___ INFORMATION SUPPLIED

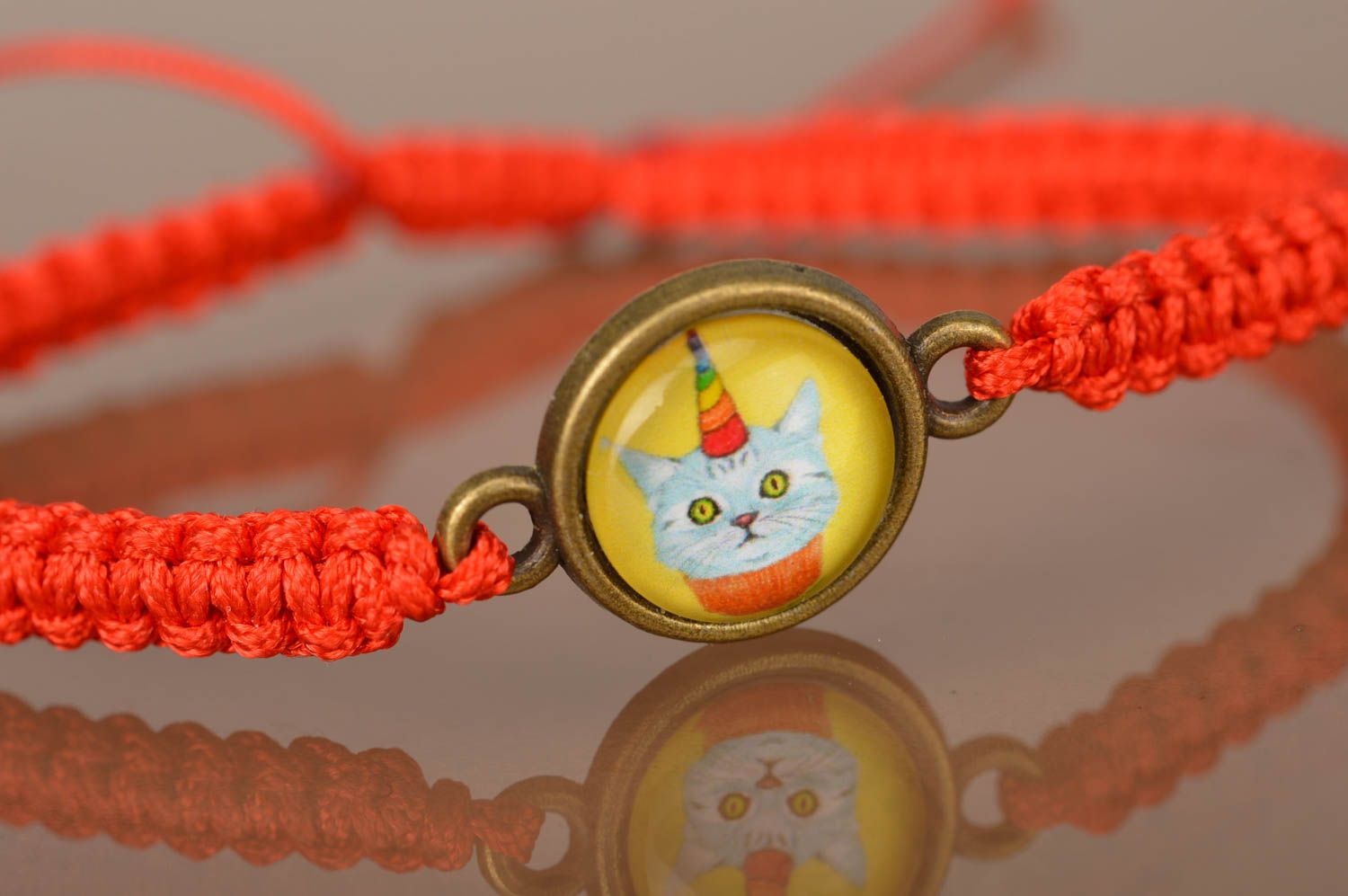 Geflochtenes Armband mit Katze aus Wachsschnur rot originell handmade schön foto 3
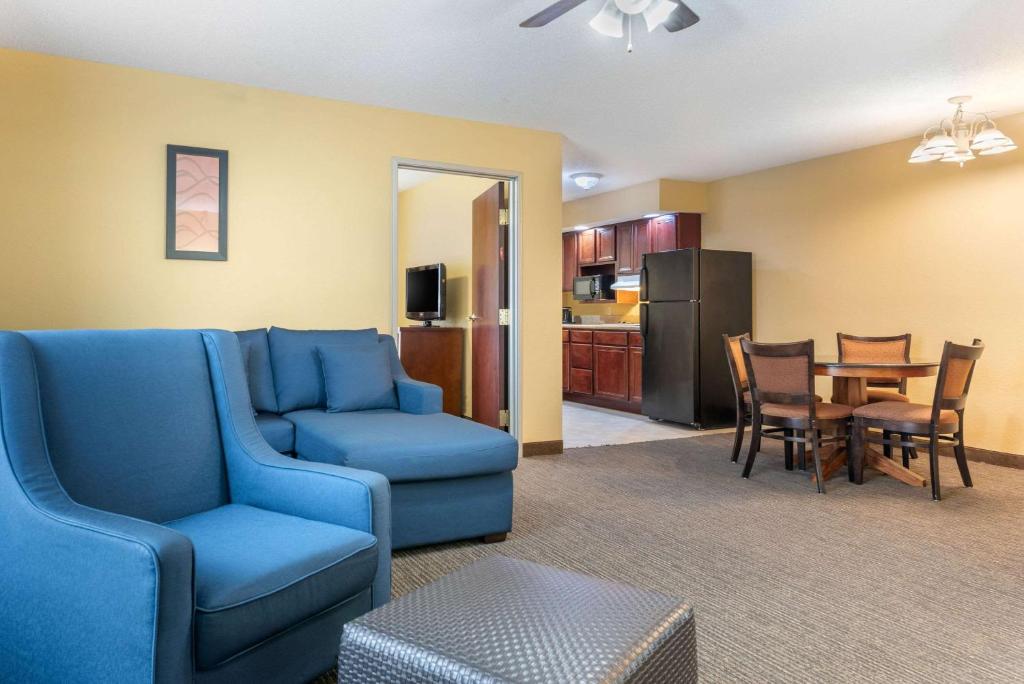 Comfort Suites Findlay I-75 - image 6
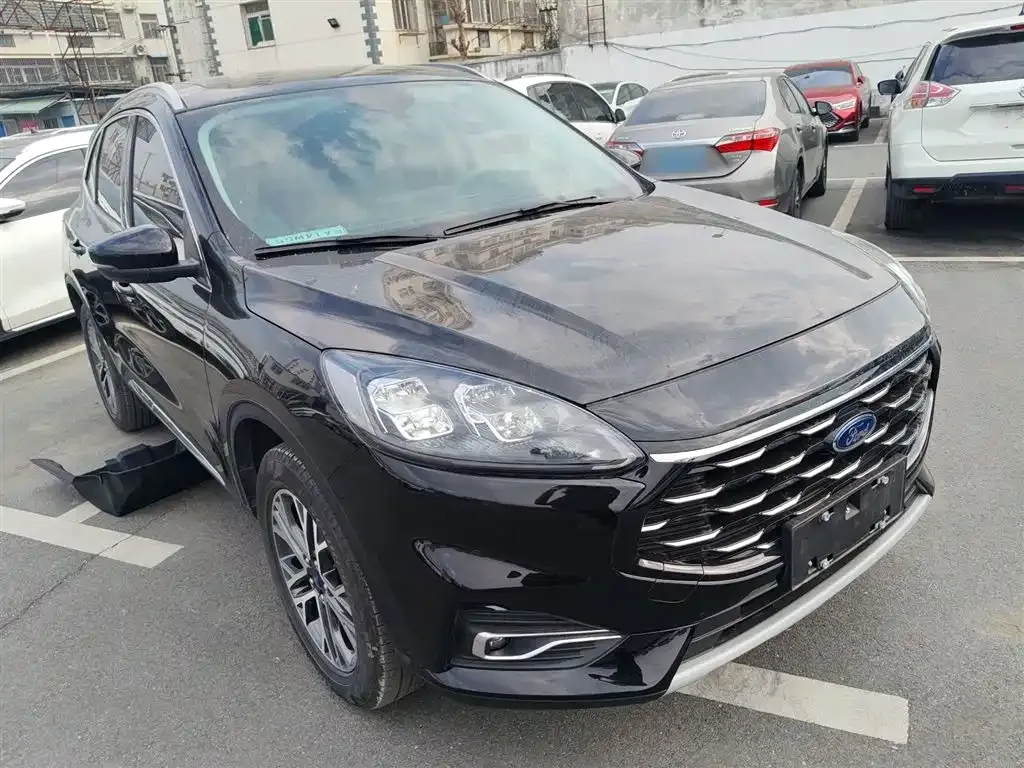 Ford Escape 2023 из CN, фото 3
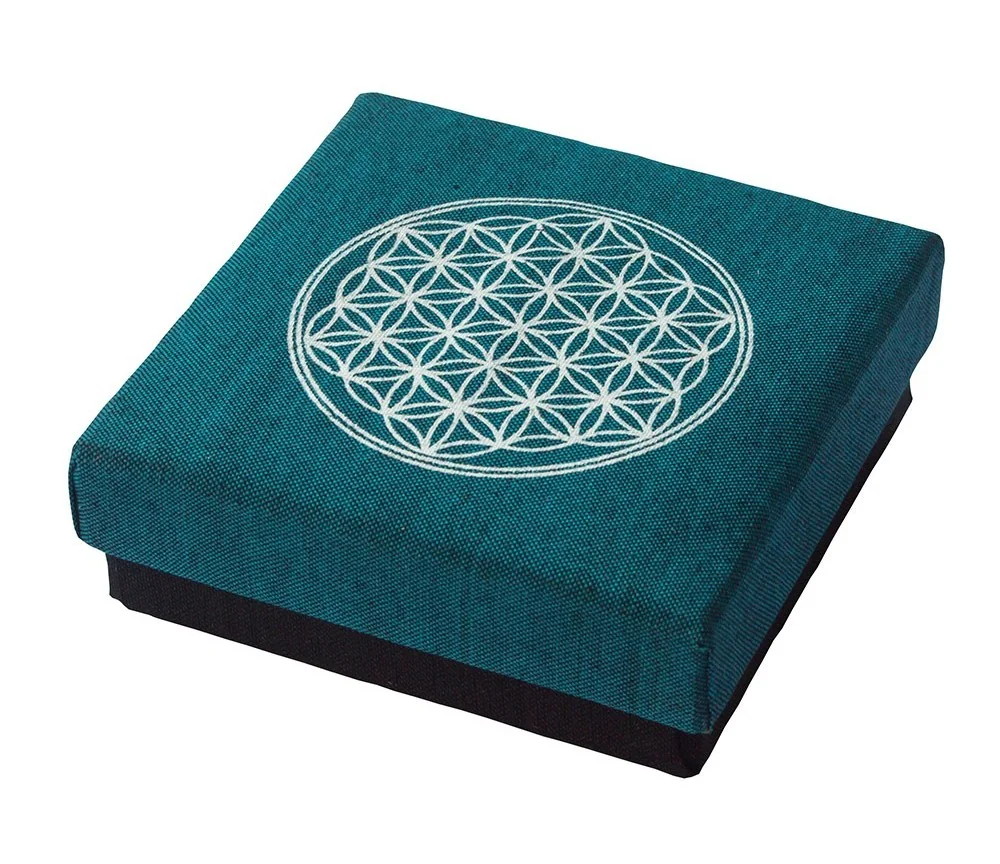 Geschenkbox "Blume des Lebens" Baumwolle türkis 9x9cm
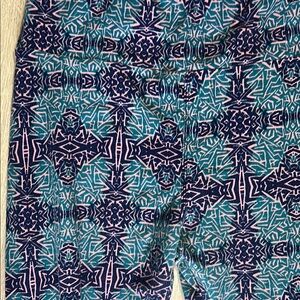 LuLaRoe OS Women’s Blue and Pink Geometric Patterned Leggings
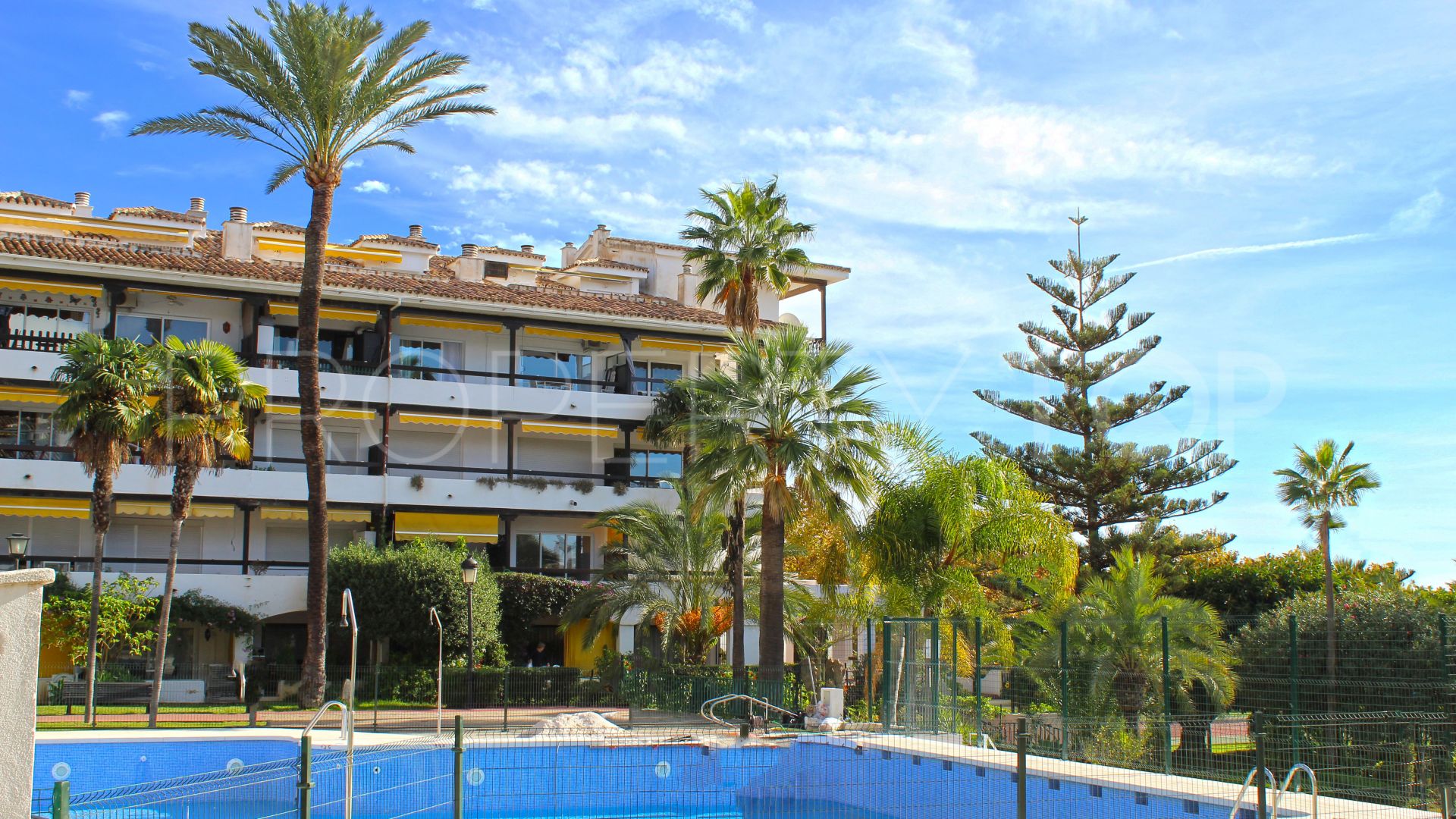 For sale 2 bedrooms apartment in La Carolina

______

TASK ITEM:
Starting at the line that contains "LuLaRoe OS Women’s" and ending with the last line of the data, transcribe every line exactly; skip the pictures.

PROBLEM SOLUTION:
 LuLaRoe OS Women’s Blue and Pink Geometric Patterned Leggings
 For sale 2 bedrooms apartment in La Carolina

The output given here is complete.